ECOC 2012, held at the RAI Congress Centre in Amsterdam September 16–20, featured the optical communication industry delivering 100G today, but it also offered a glimpse of how researchers are developing next-generation solutions.
The industry anticipates continued bandwidth growth and hence the need for even lower-cost optical transmission. Consensus is forming that 400G is the next transmission rate, and the market is also coalescing around flexible grid and super-channels. Two NeoPhotonics announcements struck me because they addressed immediate problems.
First, the company introduced a mode-coupled receiver that lowers initial PON cost by increasing the number of connections per OLT from 32 to 128. Second, NeoPhotonics said it will offer its 10×10 transceiver in a CFP2 form factor.

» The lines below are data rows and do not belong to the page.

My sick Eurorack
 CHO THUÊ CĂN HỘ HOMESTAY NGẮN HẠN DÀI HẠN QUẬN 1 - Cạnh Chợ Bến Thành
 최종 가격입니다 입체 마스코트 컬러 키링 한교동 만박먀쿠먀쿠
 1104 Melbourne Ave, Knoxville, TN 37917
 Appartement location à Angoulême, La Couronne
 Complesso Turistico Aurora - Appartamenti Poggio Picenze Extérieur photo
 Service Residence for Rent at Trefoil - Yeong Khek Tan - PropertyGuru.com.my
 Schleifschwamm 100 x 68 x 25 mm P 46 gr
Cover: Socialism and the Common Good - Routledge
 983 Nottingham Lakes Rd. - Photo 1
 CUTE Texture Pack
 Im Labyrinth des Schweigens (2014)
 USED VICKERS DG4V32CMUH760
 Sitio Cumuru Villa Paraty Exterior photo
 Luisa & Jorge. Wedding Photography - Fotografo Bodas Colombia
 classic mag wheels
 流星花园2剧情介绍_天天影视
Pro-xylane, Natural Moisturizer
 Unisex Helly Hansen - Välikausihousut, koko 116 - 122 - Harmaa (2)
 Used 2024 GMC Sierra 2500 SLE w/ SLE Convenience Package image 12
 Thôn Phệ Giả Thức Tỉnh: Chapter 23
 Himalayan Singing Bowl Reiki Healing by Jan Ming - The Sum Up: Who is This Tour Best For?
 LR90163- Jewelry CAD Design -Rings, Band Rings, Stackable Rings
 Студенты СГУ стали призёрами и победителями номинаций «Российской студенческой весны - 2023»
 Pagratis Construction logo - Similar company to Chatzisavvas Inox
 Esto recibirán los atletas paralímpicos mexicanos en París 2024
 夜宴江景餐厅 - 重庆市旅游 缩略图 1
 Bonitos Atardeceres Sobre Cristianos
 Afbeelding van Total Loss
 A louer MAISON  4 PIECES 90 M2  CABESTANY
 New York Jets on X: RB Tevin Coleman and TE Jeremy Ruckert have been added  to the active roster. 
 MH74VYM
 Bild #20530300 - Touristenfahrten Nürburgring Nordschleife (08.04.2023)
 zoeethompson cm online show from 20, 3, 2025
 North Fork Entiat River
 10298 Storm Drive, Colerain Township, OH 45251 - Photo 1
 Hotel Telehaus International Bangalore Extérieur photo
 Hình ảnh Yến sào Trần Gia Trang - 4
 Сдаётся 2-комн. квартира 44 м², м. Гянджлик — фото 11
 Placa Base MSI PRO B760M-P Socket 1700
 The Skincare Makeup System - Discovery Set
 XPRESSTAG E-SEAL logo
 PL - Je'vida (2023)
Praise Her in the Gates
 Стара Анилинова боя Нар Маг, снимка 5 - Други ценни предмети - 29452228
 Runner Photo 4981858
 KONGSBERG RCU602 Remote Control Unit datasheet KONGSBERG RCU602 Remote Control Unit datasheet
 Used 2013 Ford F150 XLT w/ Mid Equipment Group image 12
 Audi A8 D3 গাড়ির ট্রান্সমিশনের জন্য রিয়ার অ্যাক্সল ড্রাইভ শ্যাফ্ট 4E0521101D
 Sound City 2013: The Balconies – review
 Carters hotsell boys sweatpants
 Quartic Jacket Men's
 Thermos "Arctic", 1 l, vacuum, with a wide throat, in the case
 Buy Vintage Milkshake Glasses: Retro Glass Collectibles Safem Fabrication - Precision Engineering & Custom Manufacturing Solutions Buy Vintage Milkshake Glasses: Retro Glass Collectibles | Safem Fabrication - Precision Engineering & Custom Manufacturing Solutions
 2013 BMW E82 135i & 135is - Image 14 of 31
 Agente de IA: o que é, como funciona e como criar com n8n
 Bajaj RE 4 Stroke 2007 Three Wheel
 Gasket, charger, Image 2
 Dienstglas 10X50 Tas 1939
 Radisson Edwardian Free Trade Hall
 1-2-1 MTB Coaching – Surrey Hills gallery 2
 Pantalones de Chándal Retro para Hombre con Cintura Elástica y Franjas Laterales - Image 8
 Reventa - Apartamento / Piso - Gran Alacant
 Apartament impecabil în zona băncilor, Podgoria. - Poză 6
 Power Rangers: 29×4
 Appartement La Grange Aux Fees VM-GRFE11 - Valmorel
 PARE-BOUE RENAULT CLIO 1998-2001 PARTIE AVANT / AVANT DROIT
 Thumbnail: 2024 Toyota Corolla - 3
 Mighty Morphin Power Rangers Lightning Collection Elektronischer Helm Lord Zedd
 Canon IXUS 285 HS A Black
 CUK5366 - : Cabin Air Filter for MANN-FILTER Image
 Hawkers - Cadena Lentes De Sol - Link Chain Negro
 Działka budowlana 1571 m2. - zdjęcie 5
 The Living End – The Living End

While the 10×10 solution is seen as a stopgap measure, it supports distances not included in existing standards and is sorely needed today for connectivity in data centers and central offices.
Lowering the initial costs of PON installations
NeoPhotonics announced a new GPON OLT transceiver that lowers the initial PON cost. The transceiver supports four OLTs where each can have up to 32 connections. The cost decreases because the splitting ratio increases: one OLT transceiver is used for 128 connections compared to the initial design of 32 connections per transceiver.
Bandwidth performance is not compromised in this implementation because initial PON turn-up typically has far fewer subscribers than 32. NeoPhotonics’ GPON OLT is equipped with a higher power downstream laser that is shared with all PONs. For upstream traffic it introduced a multi-port mode-coupling receiver so the four PONs are connected to a single receiver.